### WORK TO COMPLETE
Retyping the data exactly is the task. Include every line.

### SUPPLIED DATA
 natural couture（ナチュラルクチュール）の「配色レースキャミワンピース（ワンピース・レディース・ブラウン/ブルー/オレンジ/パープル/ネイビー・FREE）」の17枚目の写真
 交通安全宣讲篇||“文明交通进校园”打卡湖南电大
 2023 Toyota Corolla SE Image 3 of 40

### ANSWER FOR THE TASK
 natural couture（ナチュラルクチュール）の「配色レースキャミワンピース（ワンピース・レディース・ブラウン/ブルー/オレンジ/パープル/ネイビー・FREE）」の17枚目の写真
 交通安全宣讲篇||“文明交通进校园”打卡湖南电大
 2023 Toyota Corolla SE Image 3 of 40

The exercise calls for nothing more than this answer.